■ **Given material**
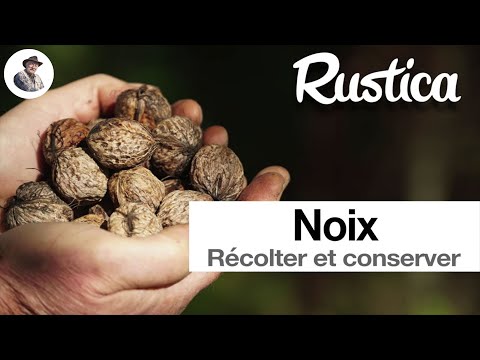 Vidéo: Comment Conserver Les Noix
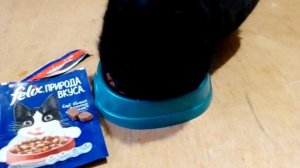 "felix" корм для кошек- говядина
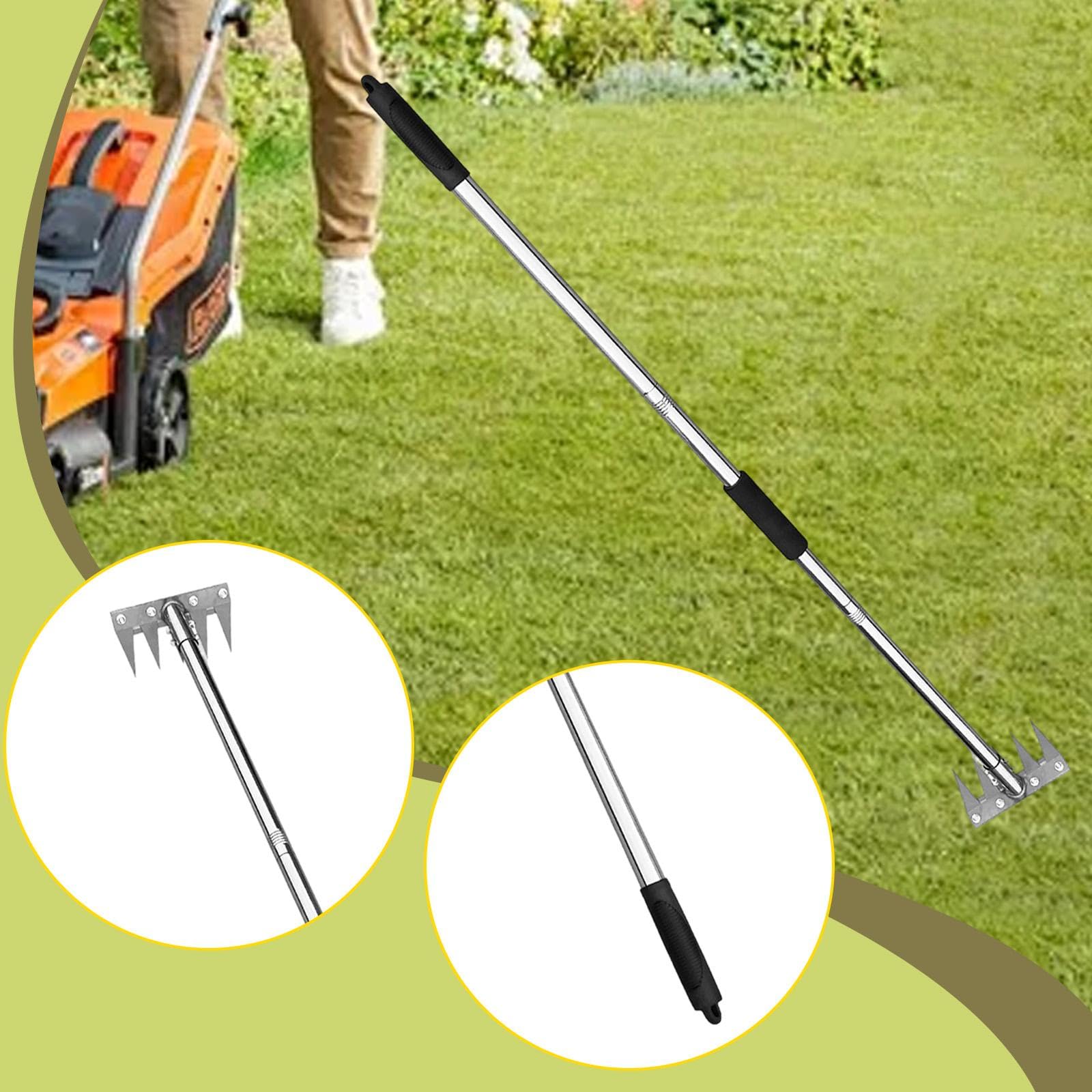 LOVIVER Diserbatrice Manuale Strumento per Estirpare Erbacce Rake da Giardino in Acciaio Inox con Presa Ergonomica Adatto per Orto Cura del Giardino Cortile F, 5 Denti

■ **Exercise brief**
Print each line of the material above exactly, with the pictures removed from your copy.

■ **Task response**
 Vidéo: Comment Conserver Les Noix
 "felix" корм для кошек- говядина
 LOVIVER Diserbatrice Manuale Strumento per Estirpare Erbacce Rake da Giardino in Acciaio Inox con Presa Ergonomica Adatto per Orto Cura del Giardino Cortile F, 5 Denti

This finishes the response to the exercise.